NEW MEDIA: SPOTLIGHT ON NECTAR - Nectar's crash reveals danger of creating too much demand

Online registration fiasco is bad news for the founders of Nectar, Mark Sweney writes.

The high-flying launch campaign behind Nectar, the new customer loyalty reward scheme with £50 million in backing from its founders Sainsbury's, BP, Debenhams and Barclaycard, has come down to earth with a technical crash.

All online registrations for the scheme, which were encouraged with the carrot of 100 bonus points, have been suspended because high levels of demand caused key parts of the website (www.nectar.com) to grind to a halt.

Richard Campbell, the marketing director at LMUK, which runs the Nectar operation, claims that the company did undertake extensive testing of its web capability.

"We did a lot of testing and due diligence and anticipated the number of online registrations from our experience with other LMUK operations in Canada, Holland, Spain and the Middle East," he says.

Campbell adds that despite a year of planning, demand outstripped the company's most "bullish" traffic forecast by a factor of four times. He blames the security and encryption checks required within the registration process as the culprits for the closure. He says it has been a regrettable but unavoidable incident that was out of Nectar's control.

However, Steve Adams, a senior consultant at Dragon Brand Consulting, which specialises in web usability, disagrees. Adams, who has undertaken studies of the websites of brands including Sainsbury's, Tesco.com, Heinz and Haagen-Dazs, puts it down to poor media planning.

"The problem was caused by a mixture of poor planning and time scales. The launch budget was huge, material was already at the partner outlets and then the television advertising comes in - it is hard to plan testing for that but I think they may have cut corners," he says.

In Adams' experience, Nectar's problems are relatively uncommon, meaning that for the most part other companies have adequately planned for such eventualities.

"The Government had many problems when it made the 1901 census information available online, but really a crash like this isn't a widely spread problem," he comments.

"They should have been able to anticipate the demand because Nectar is replacing other loyalty cards. There is no excuse, it should have been obvious."

The successful launch of the online travel portal Opodo earlier this year is an example that lends weight to the poor planning argument. Like Nectar, Opodo came to market with a new name as the consumer brand for a group of high-profile companies - it is backed by nine European airlines including BA, Lufthansa, Air France and KLM.

With a £19 million launch budget in Germany, the UK and France, Opodo had the backing to launch an all-singing, all-dancing campaign such as Nectar. But the critical need to make sure its online offering ran smoothly meant that the company adopted a cautious approach.
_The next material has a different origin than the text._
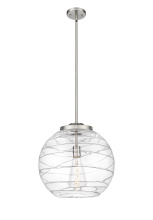 Innovations Lighting 221-1S-SN-G1213-16CL - Athens Deco Swirl - 1 Light - 16 inch - Brushed Satin Nickel - Stem Hung - Pendant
Lorraine Twohill, Opodo's head of market development, says the online platform, on which all three country operations run, underwent 23,000 hours of testing before the launch in Germany, with another 7,000 before the UK debut and a further 5,000 in the run-up to unveiling the French property.

Opodo's ad campaign strategy was designed to build with a staged roll-out of activity to make sure the website could handle the traffic.

"All of our country launches involved online-only marketing campaigns for two months because we didn't want to risk website teething problems with a full cross-media campaign," Twohill says. "Nectar was probably too early with offline advertising - television drives bursts of traffic and these can easily take down a website. It was a mistake for it to be so aggressive from day one."

Nectar's website was built by a combination of an in-house team and a third-party developer that Campbell refused to name, but that, he says, has experience in large-scale website building. However, he refused to comment on whether the developer would be retained by Nectar once the problems with the website had been rectified.

The technical shortcomings suffered by Nectar have implications far beyond its own brand. With a degree of internet scepticism in both the business and the wider consumer world, such a high-profile failure reflects poorly on all companies looking to use the website as a key part of a campaign.

"The incident is unfortunate and obviously damaging for the new brand and for the four founding companies," Twohill says. "And it is no good for consumers, they are used to problems with the internet and it is bad for business and the internet market."

Campbell says Nectar has a timeline for reintroducing the online registration service, but he would not provide any further details. In the meantime consumers have to phone its call centres.

When the problems are eventually ironed out, Nectar may eventually benefit from the added press coverage. "One silver lining to it all may be that all the bad press has raised the profile of the new brand name," Adams says. "Maybe a year down the line it might help consumers to remember the brand name and not the incident."